*TO DO*.
There is material below. Print exactly the lines starting at the line with "159573基金投资组合(持股)图 159573基金投资组合(持股)图" and ending at the line with "<p>Secure (v)</p>", ends included, and no others.
***** GIVEN ENTRIES
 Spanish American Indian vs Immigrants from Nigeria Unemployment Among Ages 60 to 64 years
**********
***** GIVEN ENTRIES
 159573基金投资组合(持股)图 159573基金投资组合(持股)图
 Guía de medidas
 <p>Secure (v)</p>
**********
*EXERCISE OUTPUT*.
 159573基金投资组合(持股)图 159573基金投资组合(持股)图
 Guía de medidas
 <p>Secure (v)</p>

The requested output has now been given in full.